Perfect, wonderful… The Out just never disappoints.


TERROR TALES: RITES – by Honor Vincent and Steve Yeowell, letters by Jim Campbell

A welcome return to Steve Yeowell’s artwork to the pages of the Prog here, as relative newcomer Honor Vincent delivers another great little done-in-one here, a Terror Tale that works so perfectly across just four pages – such a difficult thing to do but so great to read when it works as well as this.

Rites pivots from one fascinating idea – after the mass hauntings started, people such as Mara realise there’s money to be made ridding houses of ghosts for the families that can’t stomach it themselves – straight into another horrific idea, turning everything on its head in just a moment, a simple accident that transforms Mara’s young life.

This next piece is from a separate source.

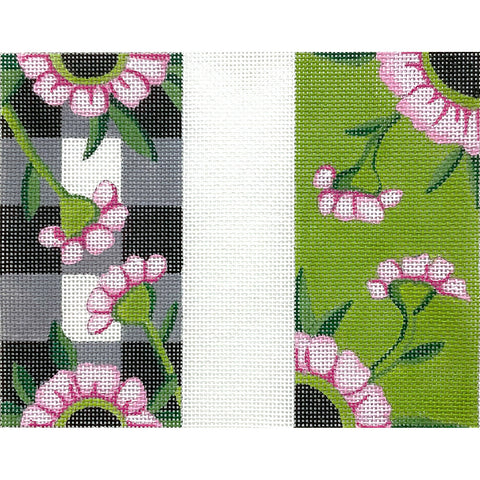 Black Check Floral Eyeglass Case (Alice Peterson)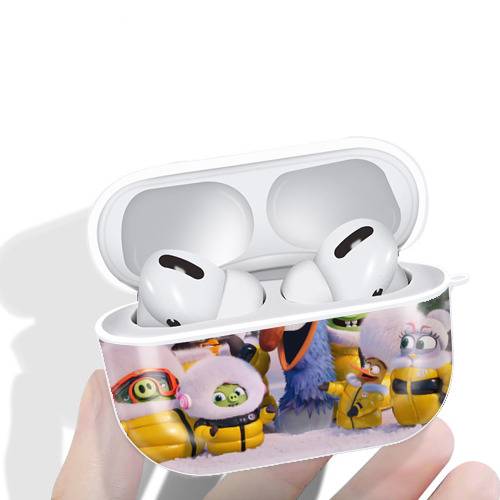 Angry Birds アングリーバード 【AirPods Pro用】ハードシェル保護ケース 耐衝撃・防指紋・カラビナ付き商品仕様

It’s just a fabulously crafted Terror Tale, great idea, perfect execution. These shorts, whether Future Shocks, Terror Tales, or whatever else, have been a mainstay of 2000 AD for pretty much its entire history and seeing someone like Vincent get them so right shows you that they’re not going away any time soon.


PROTEUS VEX: CRAWLSPACE – PART 5 – Michael Carrol and Jake Lynch, colours by Jim Boswell, letters by Simon Bowland

More epic scale space opera to end the Prog again, as Proteus Vex continues to shine so brightly, Carroll and Lynch spinning a yarn that spans galaxies and centuries, has a truly epic scale, and is just chock full of fabulous storytelling and artwork.

Crawl Space’s structure has been switching between Vex himself, the backdrop to the Scorcher War, and the strange goings-on of Midnight Indicating Shame, Vex’s ex-comrade in arms, the rogue Citheronian who’s a damn sight more than the light relief others would have written her as.

This episode focuses on not just Midnight but her Queen, the Queen of Hive Regalis, one of the most ancient of all races in the universe. Well, ancient until compared to The Scorchers themselves.


The Scorchers have finally captured Midnight, bringing the Queen to contact them and request/demand that she’s returned to her race for punishment. This doesn’t exactly go down too well with the Scorchers’ leader Tsellest.

And in the course of their conversation, not only is Midnight’s fate seemingly sealed but there’s also a reveal at the end where the whole previous war suddenly appears in a different light.

Yes, always a fascinating strip, full of excitement and wonder, epic in scale, stunning artwork from Jake Lynch, magnificent storytelling from Mike Carroll.